– Инна Сергеевна, вы, кажется, меня преследуете?!
Заговорила. Никогда бы не подумал, что она так многословна.
…Что теперь, когда подала заявление, может быть откровенной. Чтобы я не обольщался: ни моя репутация гениального менеджера, ни казарменного толка остроумие, ни тем более весьма своеобразная (тактичная девочка!) внешность ее не привлекают. Что явные признаки хорошего самца: красивый голос, большой нос (Гектор говорил: «У Гомера нос – навынос») и длинные пальцы, о которых талдычат дамы администрации (вот дряни! я их вышколил для эффективной работы, а они чем занимаются?!), ей не интересны. Что она не «стучала», а честно делала свое дело.
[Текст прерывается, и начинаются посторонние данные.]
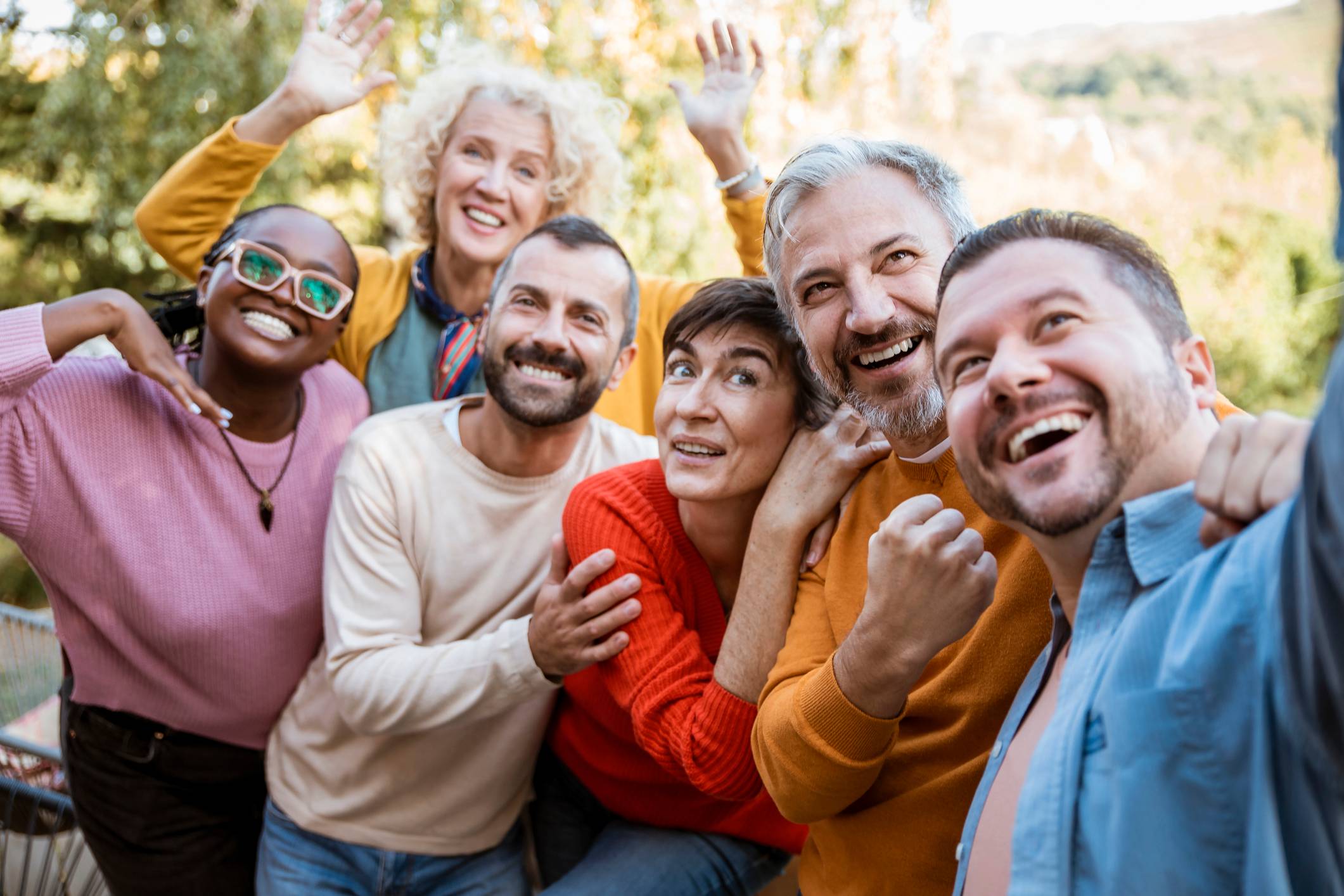 Older and young people smiling at camera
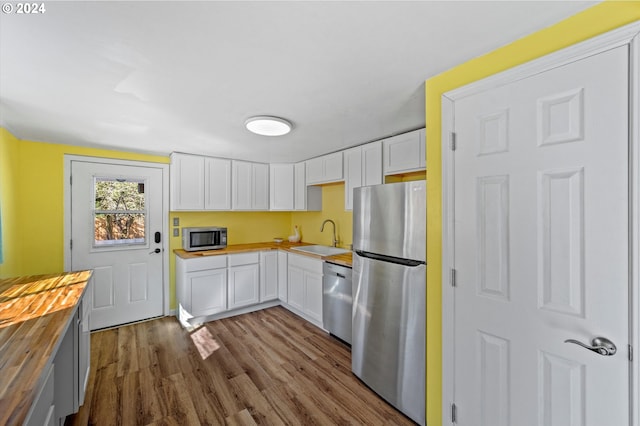 kitchen with white cabinets, sink, wooden counters, stainless steel appliances, and light wood-type flooring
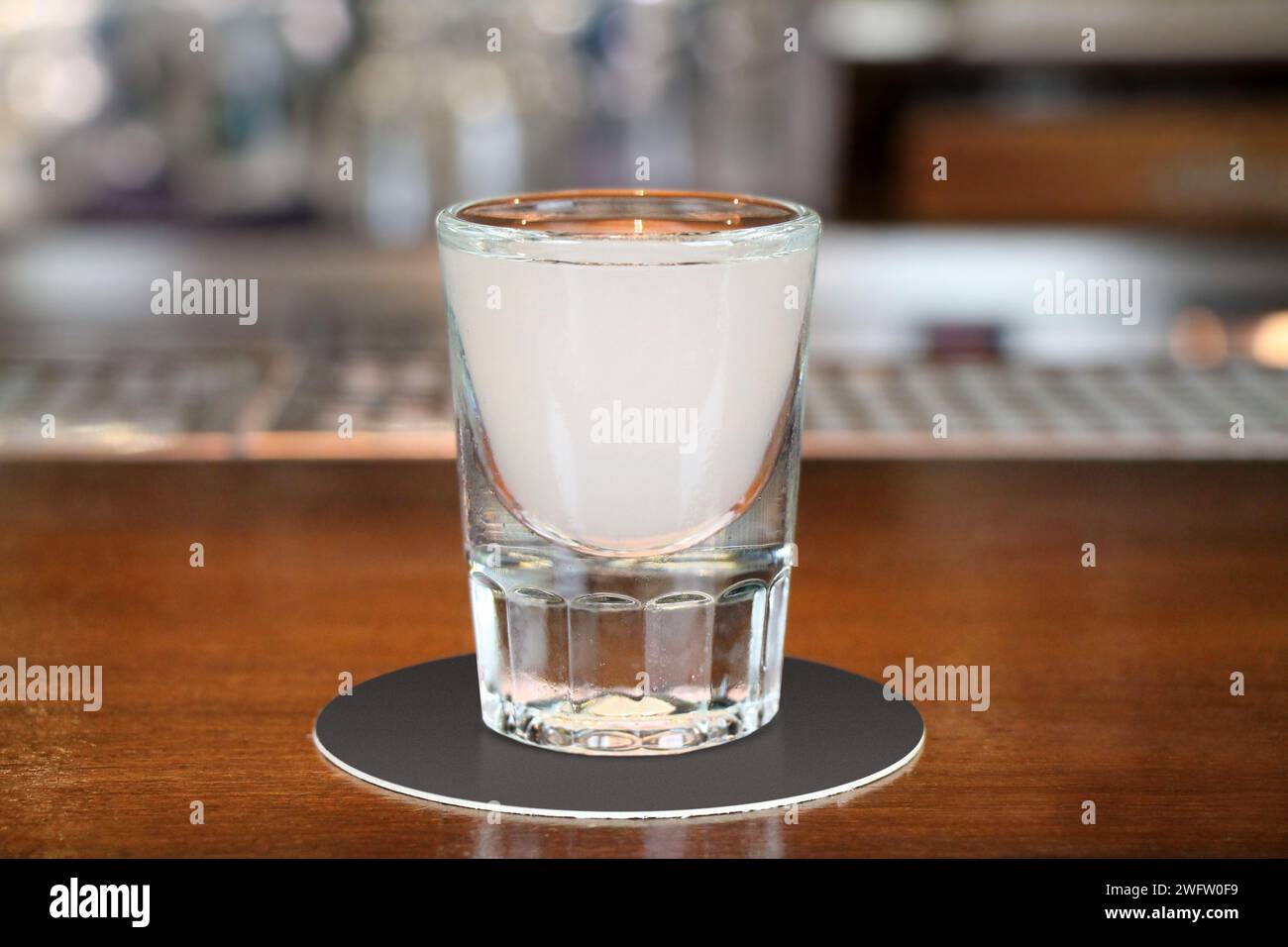 Ouzo or raki - traditional balkan anise strong alcoholic drink on table close-up. Stock Photo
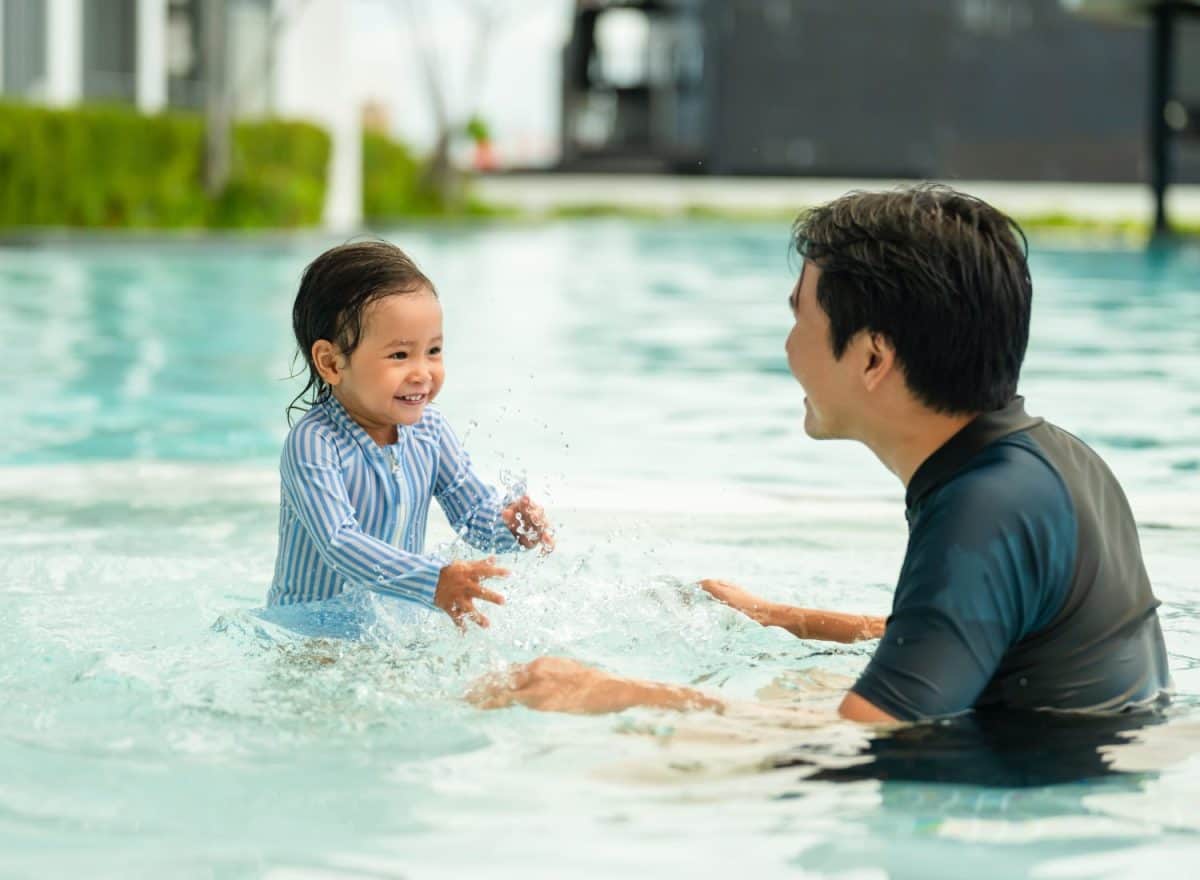 happy father with todler baby playing water splashing in a swimming pool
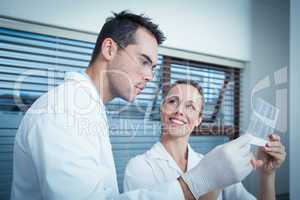 Dentists looking at x-ray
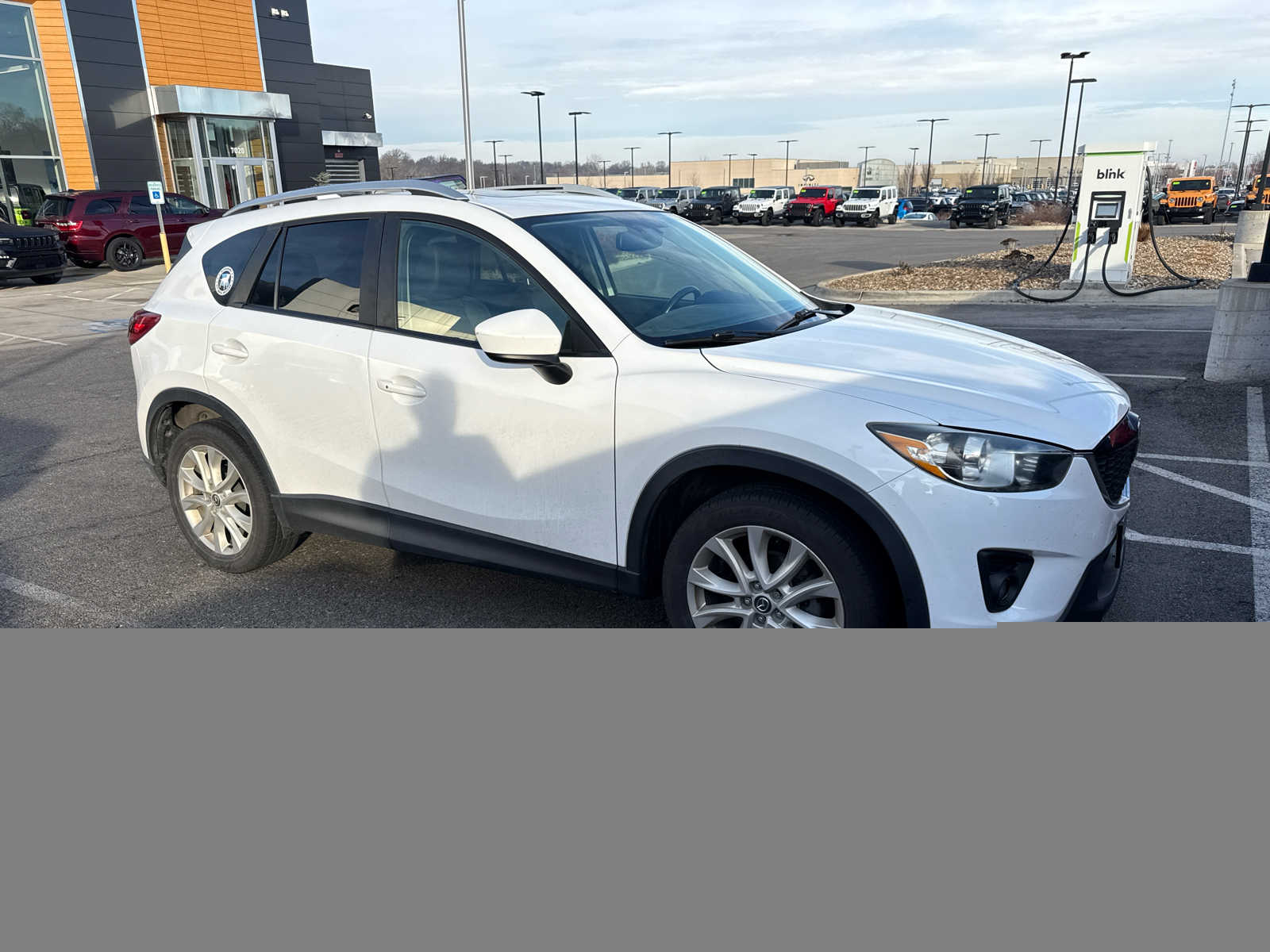 Used 2013 Mazda CX-5 Grand Touring with VIN JM3KE2DE5D0168807 for sale in Kansas City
И конечно, глупо отрицать: Александр Константинович ходил вокруг нее кругами, но она ясно дала понять, что никогда не будет его любовницей (вот вам и Парис! тускнеет парень, однако!). Что замужем и у нее дочь. Что муж – из немецкой семьи, сосланной в 41-м в Казахстан – развернул в Голландии успешный бизнес (да знаю я, внимательно читал справку из ФСБ, восхищаясь выращивающим цветы мужем; обожаю тюльпаны!), зовет к себе, и она скоро уедет. Что сама не понимает, почему ее так ко мне тянет, но это не любовь. Что припоминает рассказ Гамсуна, как вполне благополучную женщину швыряет к ничем не примечательному мужчине (Гамсуна, не Цвейга?), потому что в нем чувствуется что-то таинственное (точно, Гамсун!)… а потом выясняется, что он просто голоден, много дней подряд ничего не ел (не слишком ли много литературных реминисценций для одного дня, да еще и отдохновляющей субботы?). Вот и во мне что-то такое… и она сегодня вдруг поняла, что обязана быть рядом, потому что договор о строительстве комплекса – это мое, неизвестно, во имя чего, самоубийство, и она не позволит мне его подписать. Пусть подписывает мэр (девонька, не ты ли мне всю игру сломаешь? тебя-то я в расчет не принимал!), пусть подписывает хоть президент, хоть генсек ООН, но мне – не позволит!.. Что рядом со мной – никого… Что рядом со мной будет она… Рядом – никого… Будет – она… Никого… Она…
Говорила, стуча кулачками по баранке, – и я пожалел рулевую колонку. Осторожно взял левую руку, повернул, разжал кулачок и стал легонько поглаживать запястье. Постепенно затихал сотрясающий пульс, пока почти не сравнялся с моим, феноменально редким…
Потом поехал к себе, не зная, зачем сяду за ноутбук – то ли насладиться податливостью клавиш, то ли утопить всего одну из них, «Delete»… И побегут слова, вчерашние и позавчерашние, к подмигивающему обрыву курсора, и будут срываться в никуда, как мы когда-то срывались с нависающих над рекой самых верхних ветвей вальяжных деревьев; срывались, колотясь от страха, но изо всех сил веря, что вынырнем, непременно вынырнем.
Глава четвертая
Звучит по-идиотски, но физиком я не стал в два этапа.